§ Recorded information
BEGIN

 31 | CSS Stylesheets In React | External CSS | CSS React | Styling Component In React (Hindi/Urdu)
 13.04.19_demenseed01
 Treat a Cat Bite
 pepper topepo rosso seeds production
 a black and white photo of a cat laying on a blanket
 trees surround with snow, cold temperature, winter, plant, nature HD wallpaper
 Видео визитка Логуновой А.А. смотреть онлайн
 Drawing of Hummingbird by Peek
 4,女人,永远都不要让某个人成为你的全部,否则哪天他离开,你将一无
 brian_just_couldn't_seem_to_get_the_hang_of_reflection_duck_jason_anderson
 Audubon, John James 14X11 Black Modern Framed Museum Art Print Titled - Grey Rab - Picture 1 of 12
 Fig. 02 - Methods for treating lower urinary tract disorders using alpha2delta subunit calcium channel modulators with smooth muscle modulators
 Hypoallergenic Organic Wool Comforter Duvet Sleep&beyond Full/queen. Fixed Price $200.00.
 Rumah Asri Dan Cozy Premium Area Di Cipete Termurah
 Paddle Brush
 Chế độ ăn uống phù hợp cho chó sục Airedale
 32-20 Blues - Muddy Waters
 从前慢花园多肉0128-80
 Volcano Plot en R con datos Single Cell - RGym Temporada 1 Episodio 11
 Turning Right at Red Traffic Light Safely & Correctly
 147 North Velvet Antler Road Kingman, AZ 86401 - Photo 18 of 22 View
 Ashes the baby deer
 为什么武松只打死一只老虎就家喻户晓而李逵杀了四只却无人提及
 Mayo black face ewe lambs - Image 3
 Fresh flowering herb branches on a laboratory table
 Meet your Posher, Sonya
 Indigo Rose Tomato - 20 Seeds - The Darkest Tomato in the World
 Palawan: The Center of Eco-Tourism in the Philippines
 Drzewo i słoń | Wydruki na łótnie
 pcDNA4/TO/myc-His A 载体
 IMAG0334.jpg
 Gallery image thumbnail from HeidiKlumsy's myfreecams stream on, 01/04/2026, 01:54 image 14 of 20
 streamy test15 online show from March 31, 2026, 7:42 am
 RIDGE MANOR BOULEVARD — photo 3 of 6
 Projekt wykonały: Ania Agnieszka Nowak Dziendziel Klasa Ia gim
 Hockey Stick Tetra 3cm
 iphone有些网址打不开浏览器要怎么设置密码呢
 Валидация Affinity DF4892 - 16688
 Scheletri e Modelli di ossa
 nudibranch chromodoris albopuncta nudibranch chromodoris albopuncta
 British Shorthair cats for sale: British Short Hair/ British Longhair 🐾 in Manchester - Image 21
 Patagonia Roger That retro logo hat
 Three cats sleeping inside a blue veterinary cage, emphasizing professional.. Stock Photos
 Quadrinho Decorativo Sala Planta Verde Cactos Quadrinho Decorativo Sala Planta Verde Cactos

END

§ What you need to do
Start at the line containing "Hockey Stick Tetra 3cm" and return each line up to and including the last line of the material.

§ Completed task
 Hockey Stick Tetra 3cm
 iphone有些网址打不开浏览器要怎么设置密码呢
 Валидация Affinity DF4892 - 16688
 Scheletri e Modelli di ossa
 nudibranch chromodoris albopuncta nudibranch chromodoris albopuncta
 British Shorthair cats for sale: British Short Hair/ British Longhair 🐾 in Manchester - Image 21
 Patagonia Roger That retro logo hat
 Three cats sleeping inside a blue veterinary cage, emphasizing professional.. Stock Photos
 Quadrinho Decorativo Sala Planta Verde Cactos Quadrinho Decorativo Sala Planta Verde Cactos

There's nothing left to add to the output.